▶ [Exercise objective]: Beneath this instruction is a listing. Transcribe from it only the stretch from the line with "Traxxas 3777A Tires" through the line with "Chair Cushions, Foam", both end lines included, exactly as written.

(Information)

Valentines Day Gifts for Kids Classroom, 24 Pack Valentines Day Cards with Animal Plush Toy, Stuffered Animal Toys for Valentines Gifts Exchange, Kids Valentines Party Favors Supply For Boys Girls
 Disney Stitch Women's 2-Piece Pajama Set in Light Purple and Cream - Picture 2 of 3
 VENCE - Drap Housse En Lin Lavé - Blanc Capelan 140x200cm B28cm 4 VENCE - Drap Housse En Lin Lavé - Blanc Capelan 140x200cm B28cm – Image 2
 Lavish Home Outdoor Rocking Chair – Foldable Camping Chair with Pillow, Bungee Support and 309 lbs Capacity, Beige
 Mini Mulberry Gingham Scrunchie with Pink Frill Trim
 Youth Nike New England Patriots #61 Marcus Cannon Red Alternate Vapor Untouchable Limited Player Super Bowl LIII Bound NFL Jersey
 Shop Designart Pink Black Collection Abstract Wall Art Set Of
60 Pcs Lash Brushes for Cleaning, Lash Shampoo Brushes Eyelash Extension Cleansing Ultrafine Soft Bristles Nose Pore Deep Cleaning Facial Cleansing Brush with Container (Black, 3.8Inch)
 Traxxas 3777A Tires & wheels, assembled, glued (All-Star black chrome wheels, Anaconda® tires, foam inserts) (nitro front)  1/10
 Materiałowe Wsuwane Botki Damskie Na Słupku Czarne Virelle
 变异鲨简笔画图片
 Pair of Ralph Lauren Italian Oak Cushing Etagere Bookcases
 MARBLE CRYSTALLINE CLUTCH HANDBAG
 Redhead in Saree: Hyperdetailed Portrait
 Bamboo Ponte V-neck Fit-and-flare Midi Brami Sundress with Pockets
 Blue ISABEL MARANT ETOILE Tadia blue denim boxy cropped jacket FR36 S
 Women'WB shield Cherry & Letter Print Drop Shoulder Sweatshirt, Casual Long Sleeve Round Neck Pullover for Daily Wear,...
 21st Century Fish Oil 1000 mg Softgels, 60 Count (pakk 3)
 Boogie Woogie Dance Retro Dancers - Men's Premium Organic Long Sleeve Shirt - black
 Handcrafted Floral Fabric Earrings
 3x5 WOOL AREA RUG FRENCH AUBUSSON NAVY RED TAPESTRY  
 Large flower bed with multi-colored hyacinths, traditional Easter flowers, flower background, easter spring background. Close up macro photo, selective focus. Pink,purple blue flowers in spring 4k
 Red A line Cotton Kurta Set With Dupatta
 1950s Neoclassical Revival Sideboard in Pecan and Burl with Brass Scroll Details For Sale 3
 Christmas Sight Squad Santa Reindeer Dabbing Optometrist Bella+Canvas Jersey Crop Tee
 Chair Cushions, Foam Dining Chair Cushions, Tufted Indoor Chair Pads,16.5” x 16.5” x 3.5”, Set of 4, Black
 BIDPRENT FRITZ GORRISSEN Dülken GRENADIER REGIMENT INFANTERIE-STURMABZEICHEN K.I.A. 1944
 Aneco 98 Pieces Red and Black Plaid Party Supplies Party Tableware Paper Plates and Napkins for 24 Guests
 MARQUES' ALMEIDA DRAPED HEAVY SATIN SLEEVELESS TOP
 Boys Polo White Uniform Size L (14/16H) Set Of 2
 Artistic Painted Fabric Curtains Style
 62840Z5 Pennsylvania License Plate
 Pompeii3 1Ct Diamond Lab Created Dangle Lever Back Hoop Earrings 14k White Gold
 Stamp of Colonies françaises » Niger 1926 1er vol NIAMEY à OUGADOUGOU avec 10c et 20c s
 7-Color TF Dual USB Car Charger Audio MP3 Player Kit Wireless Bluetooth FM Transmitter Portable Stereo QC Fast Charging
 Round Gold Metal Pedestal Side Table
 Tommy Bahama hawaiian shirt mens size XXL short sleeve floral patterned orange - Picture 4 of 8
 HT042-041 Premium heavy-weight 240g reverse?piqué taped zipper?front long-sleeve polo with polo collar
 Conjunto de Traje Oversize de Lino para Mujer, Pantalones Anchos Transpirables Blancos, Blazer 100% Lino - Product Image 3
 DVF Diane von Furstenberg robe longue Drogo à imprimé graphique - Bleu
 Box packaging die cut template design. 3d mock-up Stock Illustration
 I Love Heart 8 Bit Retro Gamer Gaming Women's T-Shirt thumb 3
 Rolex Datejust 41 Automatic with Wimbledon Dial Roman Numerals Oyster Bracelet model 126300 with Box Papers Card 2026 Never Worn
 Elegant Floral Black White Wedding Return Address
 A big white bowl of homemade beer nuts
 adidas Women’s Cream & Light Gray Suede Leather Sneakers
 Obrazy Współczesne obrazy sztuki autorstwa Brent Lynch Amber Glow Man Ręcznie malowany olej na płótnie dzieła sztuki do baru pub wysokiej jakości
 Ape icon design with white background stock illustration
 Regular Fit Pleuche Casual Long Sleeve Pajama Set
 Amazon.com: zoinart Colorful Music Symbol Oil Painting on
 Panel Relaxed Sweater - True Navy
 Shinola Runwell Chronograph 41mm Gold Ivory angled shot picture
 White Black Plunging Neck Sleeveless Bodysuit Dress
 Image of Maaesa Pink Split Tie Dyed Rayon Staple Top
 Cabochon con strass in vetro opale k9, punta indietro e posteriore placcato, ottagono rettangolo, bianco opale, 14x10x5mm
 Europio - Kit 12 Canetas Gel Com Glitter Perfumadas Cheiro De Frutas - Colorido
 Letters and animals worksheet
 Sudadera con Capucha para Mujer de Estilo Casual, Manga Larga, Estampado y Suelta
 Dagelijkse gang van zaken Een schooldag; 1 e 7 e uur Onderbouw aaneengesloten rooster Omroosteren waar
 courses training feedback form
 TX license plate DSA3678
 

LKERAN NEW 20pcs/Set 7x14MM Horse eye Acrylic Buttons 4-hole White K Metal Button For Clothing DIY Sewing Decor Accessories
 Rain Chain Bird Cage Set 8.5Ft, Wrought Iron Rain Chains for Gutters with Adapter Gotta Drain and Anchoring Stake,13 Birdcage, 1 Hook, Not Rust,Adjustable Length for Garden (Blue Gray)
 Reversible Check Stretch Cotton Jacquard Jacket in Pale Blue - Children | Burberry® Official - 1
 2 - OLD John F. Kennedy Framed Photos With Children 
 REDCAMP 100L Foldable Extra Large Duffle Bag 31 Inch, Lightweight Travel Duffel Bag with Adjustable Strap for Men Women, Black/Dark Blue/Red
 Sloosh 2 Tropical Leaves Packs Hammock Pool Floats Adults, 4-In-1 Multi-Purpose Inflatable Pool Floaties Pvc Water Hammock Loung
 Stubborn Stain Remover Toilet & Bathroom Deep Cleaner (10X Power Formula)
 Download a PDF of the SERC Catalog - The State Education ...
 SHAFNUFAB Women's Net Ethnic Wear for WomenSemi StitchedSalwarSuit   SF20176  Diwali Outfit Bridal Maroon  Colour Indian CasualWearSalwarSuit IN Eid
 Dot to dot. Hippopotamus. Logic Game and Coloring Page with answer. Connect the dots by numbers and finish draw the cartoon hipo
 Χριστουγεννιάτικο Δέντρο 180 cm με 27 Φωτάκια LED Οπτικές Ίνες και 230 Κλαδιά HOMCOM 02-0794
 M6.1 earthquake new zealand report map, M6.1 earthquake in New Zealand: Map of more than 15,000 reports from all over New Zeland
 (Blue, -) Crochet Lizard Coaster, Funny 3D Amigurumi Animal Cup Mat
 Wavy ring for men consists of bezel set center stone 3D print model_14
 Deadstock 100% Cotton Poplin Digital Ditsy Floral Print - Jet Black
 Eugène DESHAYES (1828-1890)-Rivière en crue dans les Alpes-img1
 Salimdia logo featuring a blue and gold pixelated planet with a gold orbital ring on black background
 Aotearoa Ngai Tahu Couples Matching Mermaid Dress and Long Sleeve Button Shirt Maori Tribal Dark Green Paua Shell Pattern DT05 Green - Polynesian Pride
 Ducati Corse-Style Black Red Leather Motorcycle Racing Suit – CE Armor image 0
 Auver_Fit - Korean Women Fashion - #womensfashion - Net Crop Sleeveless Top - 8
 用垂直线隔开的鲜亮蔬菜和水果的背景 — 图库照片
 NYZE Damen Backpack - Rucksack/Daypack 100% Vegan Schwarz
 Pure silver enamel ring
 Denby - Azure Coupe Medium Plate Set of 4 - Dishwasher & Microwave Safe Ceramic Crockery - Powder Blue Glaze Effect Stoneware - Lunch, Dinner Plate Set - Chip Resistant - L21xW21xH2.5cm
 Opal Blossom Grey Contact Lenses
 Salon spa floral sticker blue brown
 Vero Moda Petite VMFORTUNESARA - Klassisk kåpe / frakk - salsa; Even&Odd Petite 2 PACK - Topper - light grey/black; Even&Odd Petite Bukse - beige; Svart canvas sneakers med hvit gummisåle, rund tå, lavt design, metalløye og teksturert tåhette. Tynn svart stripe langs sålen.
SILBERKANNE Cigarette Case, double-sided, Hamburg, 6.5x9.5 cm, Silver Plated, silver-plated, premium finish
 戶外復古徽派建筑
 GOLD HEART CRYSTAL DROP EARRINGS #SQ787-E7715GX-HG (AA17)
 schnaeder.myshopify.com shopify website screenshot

(End Information)

▶ [Response box]:
 Traxxas 3777A Tires & wheels, assembled, glued (All-Star black chrome wheels, Anaconda® tires, foam inserts) (nitro front)  1/10
 Materiałowe Wsuwane Botki Damskie Na Słupku Czarne Virelle
 变异鲨简笔画图片
 Pair of Ralph Lauren Italian Oak Cushing Etagere Bookcases
 MARBLE CRYSTALLINE CLUTCH HANDBAG
 Redhead in Saree: Hyperdetailed Portrait
 Bamboo Ponte V-neck Fit-and-flare Midi Brami Sundress with Pockets
 Blue ISABEL MARANT ETOILE Tadia blue denim boxy cropped jacket FR36 S
 Women'WB shield Cherry & Letter Print Drop Shoulder Sweatshirt, Casual Long Sleeve Round Neck Pullover for Daily Wear,...
 21st Century Fish Oil 1000 mg Softgels, 60 Count (pakk 3)
 Boogie Woogie Dance Retro Dancers - Men's Premium Organic Long Sleeve Shirt - black
 Handcrafted Floral Fabric Earrings
 3x5 WOOL AREA RUG FRENCH AUBUSSON NAVY RED TAPESTRY  
 Large flower bed with multi-colored hyacinths, traditional Easter flowers, flower background, easter spring background. Close up macro photo, selective focus. Pink,purple blue flowers in spring 4k
 Red A line Cotton Kurta Set With Dupatta
 1950s Neoclassical Revival Sideboard in Pecan and Burl with Brass Scroll Details For Sale 3
 Christmas Sight Squad Santa Reindeer Dabbing Optometrist Bella+Canvas Jersey Crop Tee
 Chair Cushions, Foam Dining Chair Cushions, Tufted Indoor Chair Pads,16.5” x 16.5” x 3.5”, Set of 4, Black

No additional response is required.